Further investigation on the node revealed a netfilter misconfiguration. The FORWARD chain was set to the default policy DROP which resulted in all packets to be dropped when forwarded from the overlay network device to Cilium.
Under the hood
On each node where cilium is running, it spawns instances of the cilium-health daemon. One of these instances runs co-located with Cilium, with access to the Cilium API which feeds it the IP addresses of all cilium-health daemons operating in the cluster. This instance is responsible for periodically sending ICMP and HTTP requests to each of these IPs to check connectivity and measure the latency for the remote host to respond.
Another instance of the cilium-health daemon is launched on each node in a similar way to an endpoint. This one doesn’t communicate with the main Cilium daemon, but simply serves responses to incoming HTTP requests from the other cilium-health daemons. The probes which test this path are running over the same datapath logic as any other regular endpoint, so if it’s not working, then something is likely wrong for all endpoints on the node; whereas if connectivity to this node works, then it suggests that any other connectivity issues observed must occur with additional features above, for instance layer 7 policies or services. Finally, this endpoint has special “reserved” labels associated with it so that it can be easily identified:
root@k8s1:~# cilium endpoint list ENDPOINT POLICY (ingress) POLICY (egress) IDENTITY LABELS (source:key[=value]) IPv6 IPv4 STATUS ENFORCEMENT ENFORCEMENT 29898 Disabled Disabled 299 reserved:health f00d::a0f:0:0:74ca 10.15.242.54 ready ...
Cilium-health provides an instant snapshot of the health of a Cilium cluster from a connectivity perspective.

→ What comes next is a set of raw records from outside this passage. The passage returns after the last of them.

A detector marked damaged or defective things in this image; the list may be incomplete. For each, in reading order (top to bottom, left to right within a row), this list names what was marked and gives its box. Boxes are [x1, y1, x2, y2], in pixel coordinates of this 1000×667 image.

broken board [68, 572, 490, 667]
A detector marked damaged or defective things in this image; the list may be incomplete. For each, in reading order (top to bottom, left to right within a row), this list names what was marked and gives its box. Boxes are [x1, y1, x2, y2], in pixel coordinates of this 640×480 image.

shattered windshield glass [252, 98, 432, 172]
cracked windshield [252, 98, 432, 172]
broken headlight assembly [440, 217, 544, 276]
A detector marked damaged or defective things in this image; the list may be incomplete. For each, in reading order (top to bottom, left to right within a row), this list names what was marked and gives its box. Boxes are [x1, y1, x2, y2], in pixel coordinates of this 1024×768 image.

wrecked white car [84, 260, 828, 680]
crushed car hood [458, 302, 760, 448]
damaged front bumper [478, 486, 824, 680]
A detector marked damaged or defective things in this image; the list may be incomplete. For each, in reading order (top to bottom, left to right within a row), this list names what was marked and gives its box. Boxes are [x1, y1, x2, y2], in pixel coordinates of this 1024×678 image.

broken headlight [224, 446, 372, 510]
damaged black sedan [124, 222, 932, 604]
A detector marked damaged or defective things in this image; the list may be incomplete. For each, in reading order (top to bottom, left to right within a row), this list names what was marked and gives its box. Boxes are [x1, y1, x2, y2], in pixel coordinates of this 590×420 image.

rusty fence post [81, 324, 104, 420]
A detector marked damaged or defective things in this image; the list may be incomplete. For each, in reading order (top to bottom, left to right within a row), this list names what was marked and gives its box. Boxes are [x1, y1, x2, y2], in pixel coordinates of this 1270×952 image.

Is Cilium running on all Cluster nodes? (All nodes are being listed) Can all my nodes reach each other? (No connectivity issues between nodes) Do any of the nodes have configuration issues which prevent the health-checking endpoints to be reached? (No connectivity issues to to health-checking endpoints) Is something on the network blocking ICMP or HTTP?
Stay tuned for upcoming blog posts that will dig into where to look next.
These insights can assist troubleshooting issues in the underlying network (such as routing or tunneling issues) or misconfigurations of node settings (such as firewall rules inadvertently interrupting the flow of traffic). They can help to point towards which tools will provide additional information, and speed up problem diagnosis in your clusters.